Extracted data entries
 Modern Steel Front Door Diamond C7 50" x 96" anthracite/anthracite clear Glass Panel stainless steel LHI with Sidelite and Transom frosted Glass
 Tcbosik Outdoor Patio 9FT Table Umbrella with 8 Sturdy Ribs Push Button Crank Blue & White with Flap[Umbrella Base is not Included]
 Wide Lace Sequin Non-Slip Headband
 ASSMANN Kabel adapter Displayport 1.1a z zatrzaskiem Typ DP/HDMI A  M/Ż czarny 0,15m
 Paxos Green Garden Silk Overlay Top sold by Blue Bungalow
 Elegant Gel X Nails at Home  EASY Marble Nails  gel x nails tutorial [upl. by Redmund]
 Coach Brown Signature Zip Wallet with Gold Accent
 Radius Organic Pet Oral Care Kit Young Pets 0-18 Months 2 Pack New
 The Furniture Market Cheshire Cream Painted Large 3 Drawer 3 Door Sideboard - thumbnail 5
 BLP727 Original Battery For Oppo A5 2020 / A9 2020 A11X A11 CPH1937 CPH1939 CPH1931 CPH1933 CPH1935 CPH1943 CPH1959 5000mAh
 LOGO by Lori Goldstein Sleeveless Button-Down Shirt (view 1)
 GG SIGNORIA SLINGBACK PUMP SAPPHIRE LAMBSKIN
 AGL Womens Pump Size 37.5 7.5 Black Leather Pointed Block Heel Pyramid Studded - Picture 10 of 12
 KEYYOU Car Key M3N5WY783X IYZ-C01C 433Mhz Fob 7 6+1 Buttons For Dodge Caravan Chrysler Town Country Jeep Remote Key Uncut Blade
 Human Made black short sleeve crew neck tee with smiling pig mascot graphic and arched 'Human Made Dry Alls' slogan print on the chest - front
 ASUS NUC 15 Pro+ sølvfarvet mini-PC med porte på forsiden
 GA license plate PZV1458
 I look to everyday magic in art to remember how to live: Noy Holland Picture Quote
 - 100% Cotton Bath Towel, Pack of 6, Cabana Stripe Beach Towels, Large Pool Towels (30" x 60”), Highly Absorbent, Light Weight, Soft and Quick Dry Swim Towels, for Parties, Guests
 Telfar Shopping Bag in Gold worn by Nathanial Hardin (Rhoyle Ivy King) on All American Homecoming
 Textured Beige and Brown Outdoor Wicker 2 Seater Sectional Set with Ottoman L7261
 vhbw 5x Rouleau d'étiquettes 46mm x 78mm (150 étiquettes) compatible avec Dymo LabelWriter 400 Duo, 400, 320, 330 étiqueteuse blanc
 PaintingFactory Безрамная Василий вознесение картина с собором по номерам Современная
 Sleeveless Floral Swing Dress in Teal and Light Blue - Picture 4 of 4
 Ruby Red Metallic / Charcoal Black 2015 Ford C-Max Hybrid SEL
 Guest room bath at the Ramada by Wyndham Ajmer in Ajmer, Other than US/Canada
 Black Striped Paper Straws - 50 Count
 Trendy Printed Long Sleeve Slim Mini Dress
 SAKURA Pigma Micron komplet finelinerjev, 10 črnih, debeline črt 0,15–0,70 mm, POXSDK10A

* _EXERCISE INSTRUCTIONS_: Write out the line containing "Trendy Printed Long Sleeve Slim Mini Dress" and every line after it through the end of the entries. Keep each one exactly as it is, and add nothing.

* _EXERCISE RESULT_:
 Trendy Printed Long Sleeve Slim Mini Dress
 SAKURA Pigma Micron komplet finelinerjev, 10 črnih, debeline črt 0,15–0,70 mm, POXSDK10A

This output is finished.